*To do*: Given the material below, return only the lines starting at the line with "Century 21 Sun" and ending at the line with "CBass1011's tweet photo.", exactly as they appear.

*Task input*:

------

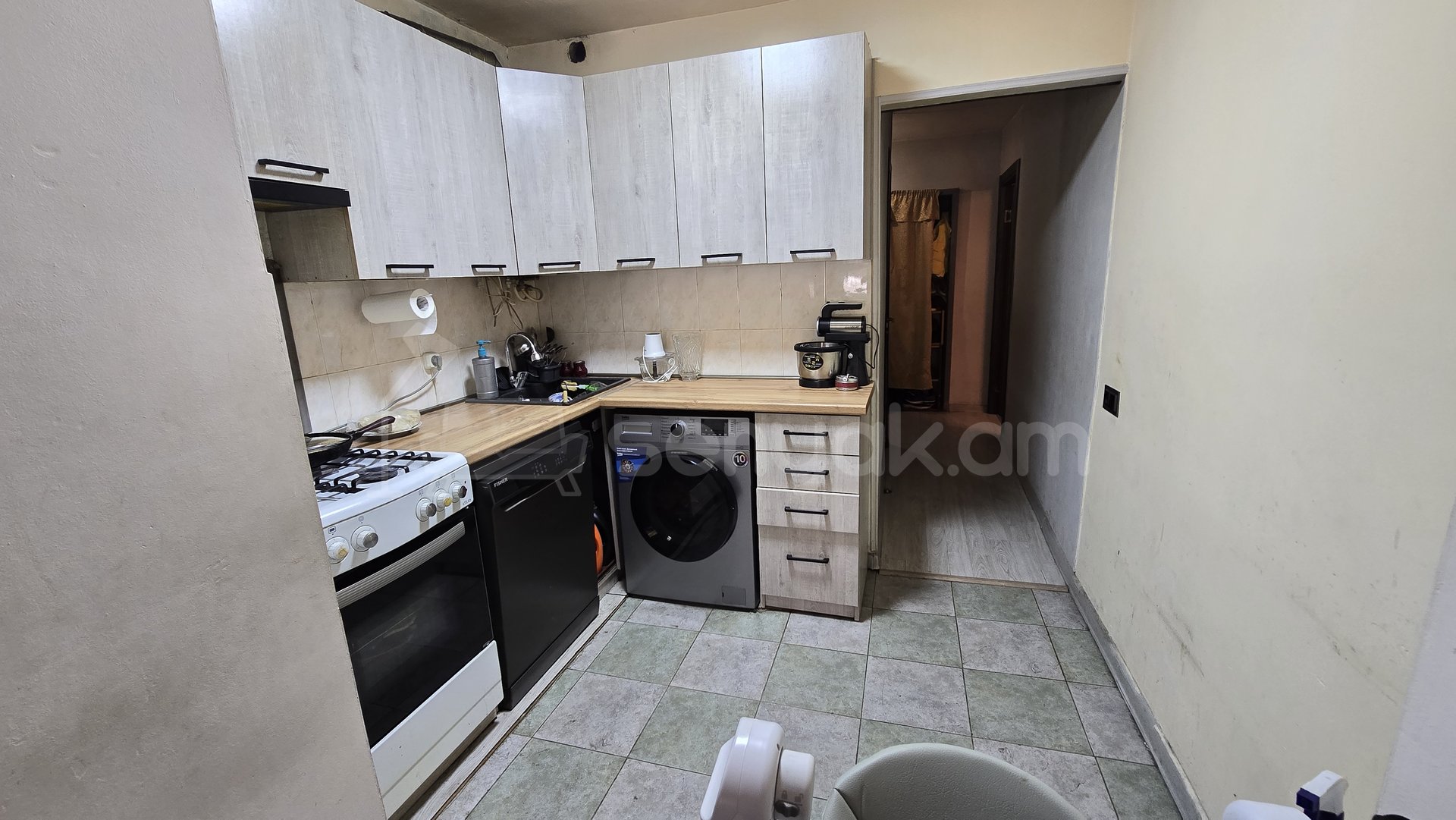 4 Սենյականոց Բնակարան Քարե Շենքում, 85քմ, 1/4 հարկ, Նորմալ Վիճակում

------

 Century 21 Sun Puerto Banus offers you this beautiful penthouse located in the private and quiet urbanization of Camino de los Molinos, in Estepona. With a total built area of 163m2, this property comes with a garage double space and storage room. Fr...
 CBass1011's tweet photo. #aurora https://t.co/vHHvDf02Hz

------

*Task output*:
 Century 21 Sun Puerto Banus offers you this beautiful penthouse located in the private and quiet urbanization of Camino de los Molinos, in Estepona. With a total built area of 163m2, this property comes with a garage double space and storage room. Fr...
 CBass1011's tweet photo. #aurora https://t.co/vHHvDf02Hz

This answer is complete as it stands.